Falls aber die Ursache für die Be­einträchtigung vermutungsweise in der Nachbarsliegenschaft liegt, sollte die mutmassliche Ursache durch eine Fachperson bestätigt werden. Aus rechtlicher Sicht ist festzuhalten, dass der durch die undichte Fassade geschaffene Zustand Feuchtigkeitsschäden auf dem nachbar­lichen Grundstück bewirken kann und damit einen Eingriff in das Eigentum ­darstellt.

Abgrenzung Immissionsschutz/­Eigentumsfreiheitsklage
Eine Beseitigung der feuchten Einwirkungen kann entweder mittels einer nachbarrechtlichen Klage gemäss Art.  684 i.V.m. Art. 679 ZGB oder der Eigentumsfreiheitsklage gemäss Art. 641 Abs. 2 ZGB geltend gemacht werden. Erstere Bestimmung geht bei Einwirkungen aus der ­Nutzung des Grundeigentums vor. Nach der Rechtsprechung fallen Eigentums­beeinträchtigungen von Nachbarn nur dann in den Anwendungsbereich von Art. 641 Abs. 2 ZGB, wenn es sich um direkte ­Beeinträchtigungen handelt, das heisst, wenn der Nachbar unmittelbar in die Substanz des klägerischen Grundstücks eingreift.2 Ist die Beeinträchtigung hingegen nur die mittelbare beziehungsweise indirekte Folge davon, dass der Nachbar sein Eigentumsrecht auf seinem eigenen Grundstück ausübt, liegt eine Einwirkung im Sinne von Art. 684 ZGB vor. Die durch den vernachlässigten Unterhalt bewirkte Undichtigkeit und das Versickernlassen von Wasser in der Fassade stellen einen mittelbaren Eingriff in das Eigentum des Nachbarn dar, weswegen Art. 684 ZGB zur Anwendung kommt.
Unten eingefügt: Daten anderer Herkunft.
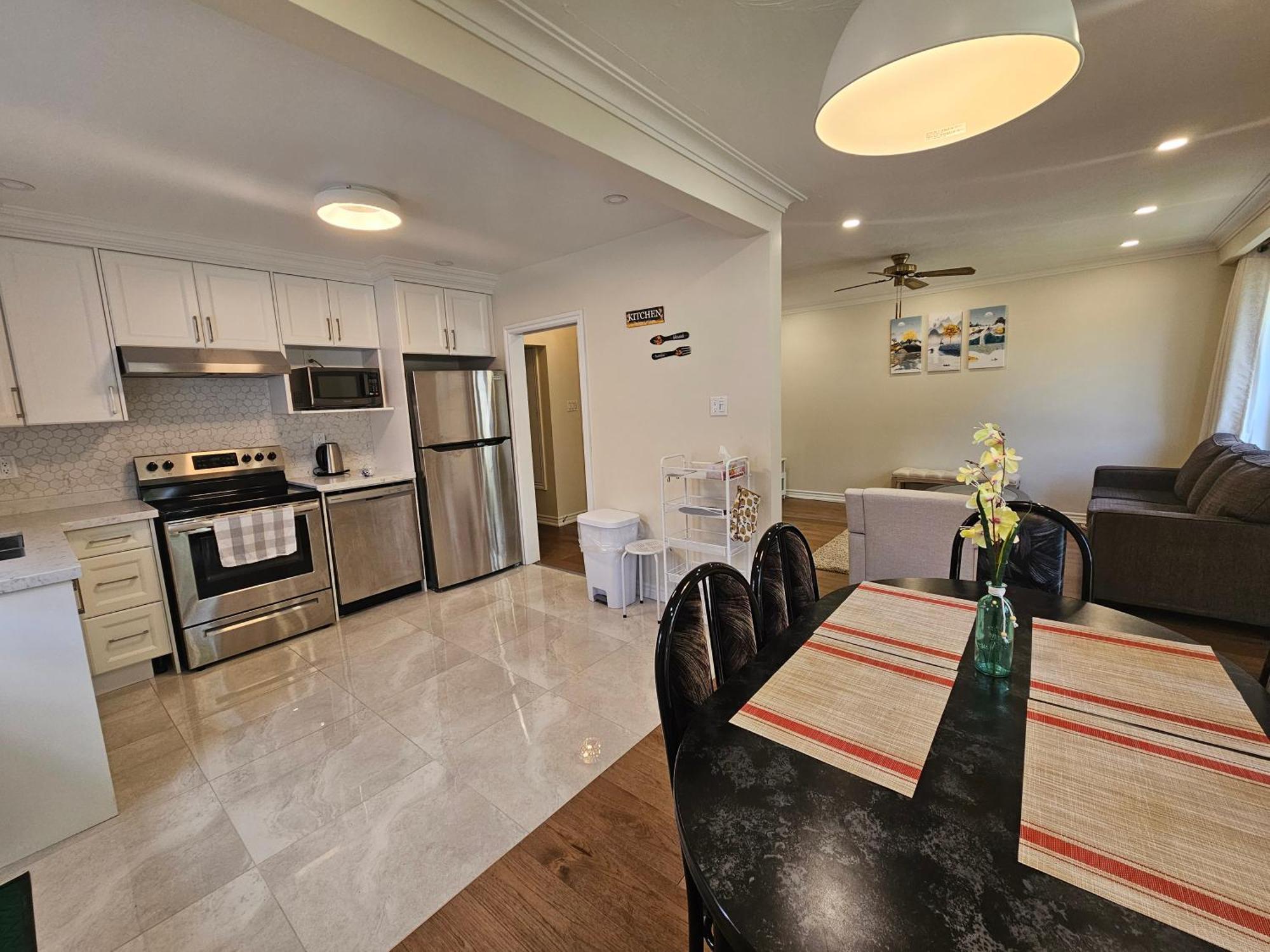 Newly-Renovated 3Br House, 12 Minutes To Airport Lejlighed Toronto Eksteriør billede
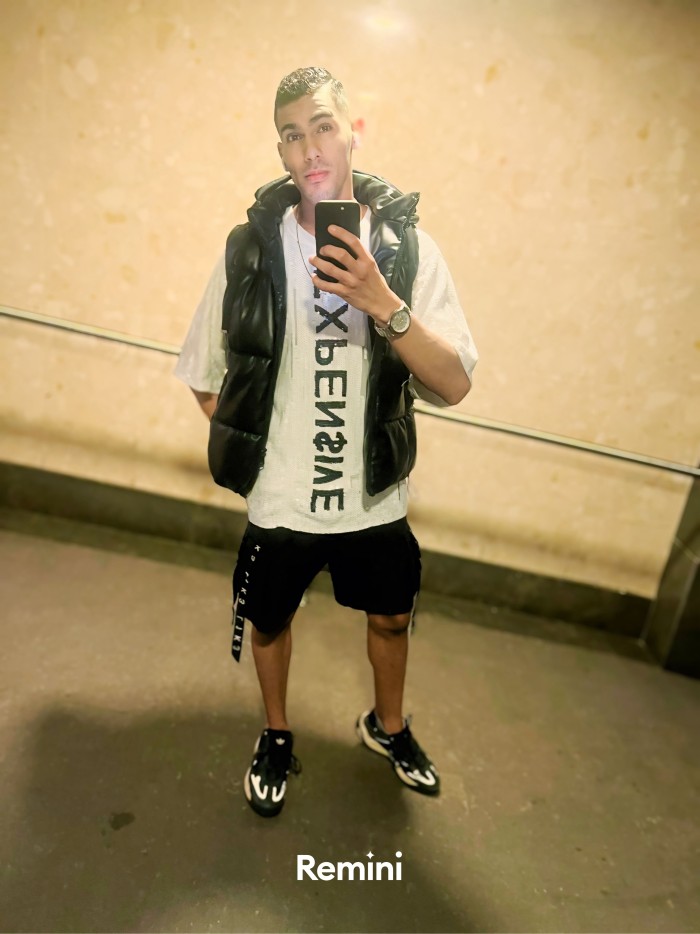 latinopollon20cmAct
Der Grundstückseigentümer erleidet durch die Unterlassung des Fassadenunterhalts auf dem nachbarlichen Grundstück eine übermässige Einwirkung auf sein Grundstück. Die Beeinträchtigung des Eigentums kann auch in einem Unterlassen des Nachbarn bestehen.3 Der Grundstückseigentümer hat ein wesentliches rechtliches Interesse an der Beseitigung der Störung, zumal die Bausubstanz durch die Feuchtigkeit geschädigt wird und die Schimmelbildung für die Mieter eine Gefahr für die Gesundheit darstellt. Zudem muss der Grundstückseigen­tümer beziehungsweise Vermieter mit Mietzinsreduktionsbegehren rechnen.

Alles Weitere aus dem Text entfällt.